> **ASSIGNMENT**: Leave the pictures out. Retype exactly the lines below from the one containing "Panel Bedroom Set" through the one containing "Dennis | Men'S", and no others.

'''

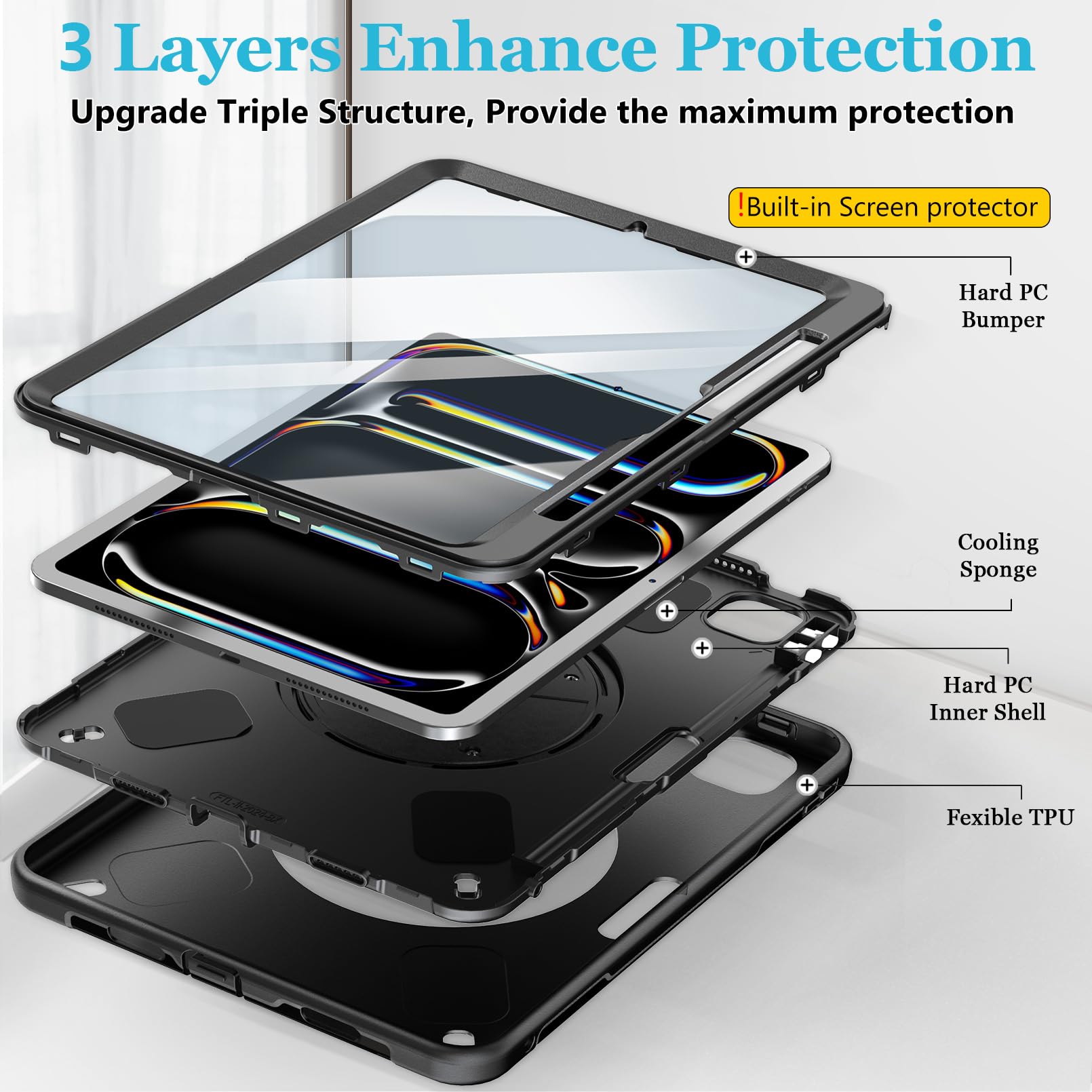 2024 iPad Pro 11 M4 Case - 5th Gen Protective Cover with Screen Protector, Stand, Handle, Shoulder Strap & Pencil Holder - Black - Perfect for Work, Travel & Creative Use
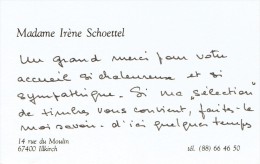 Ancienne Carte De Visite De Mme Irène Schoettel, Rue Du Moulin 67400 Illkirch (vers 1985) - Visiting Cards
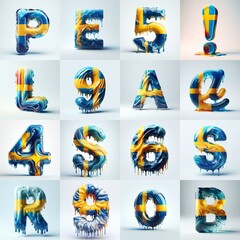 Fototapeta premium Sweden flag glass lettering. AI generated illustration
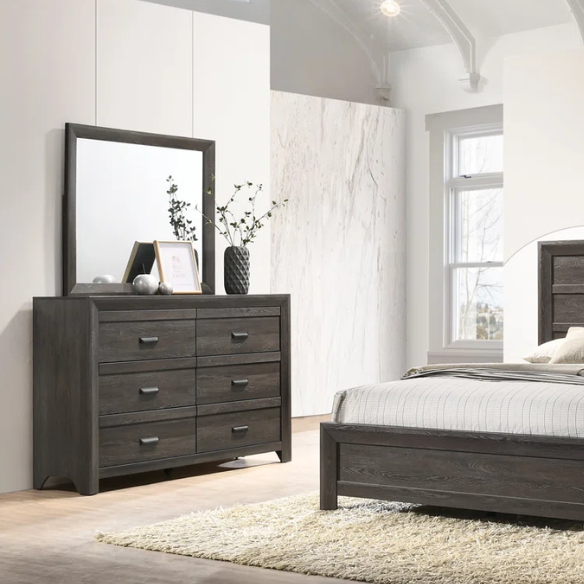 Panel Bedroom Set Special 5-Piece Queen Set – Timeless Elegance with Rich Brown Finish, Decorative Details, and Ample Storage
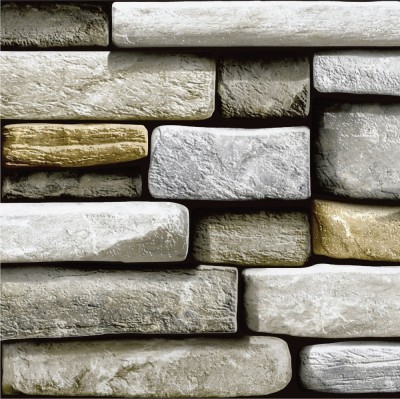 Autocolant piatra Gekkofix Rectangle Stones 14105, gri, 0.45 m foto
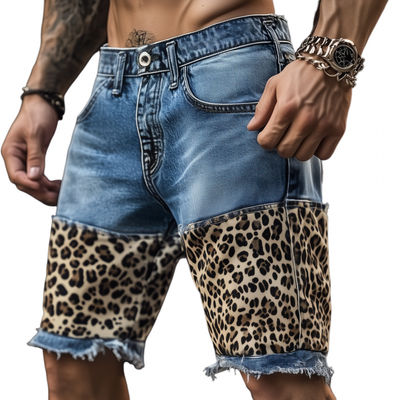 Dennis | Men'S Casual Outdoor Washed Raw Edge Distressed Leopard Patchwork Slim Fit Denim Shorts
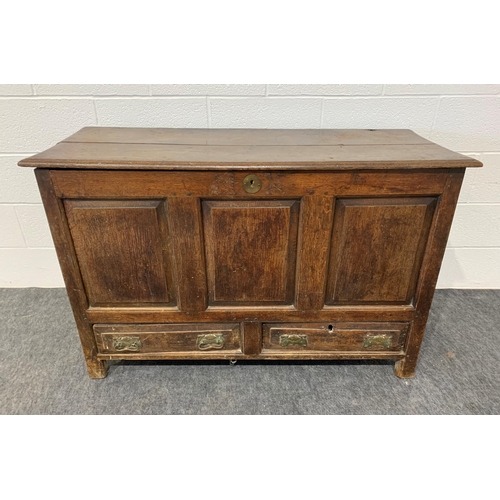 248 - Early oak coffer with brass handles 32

'''

> **RESULT FOR THIS EXERCISE**:
 Panel Bedroom Set Special 5-Piece Queen Set – Timeless Elegance with Rich Brown Finish, Decorative Details, and Ample Storage
 Autocolant piatra Gekkofix Rectangle Stones 14105, gri, 0.45 m foto
 Dennis | Men'S Casual Outdoor Washed Raw Edge Distressed Leopard Patchwork Slim Fit Denim Shorts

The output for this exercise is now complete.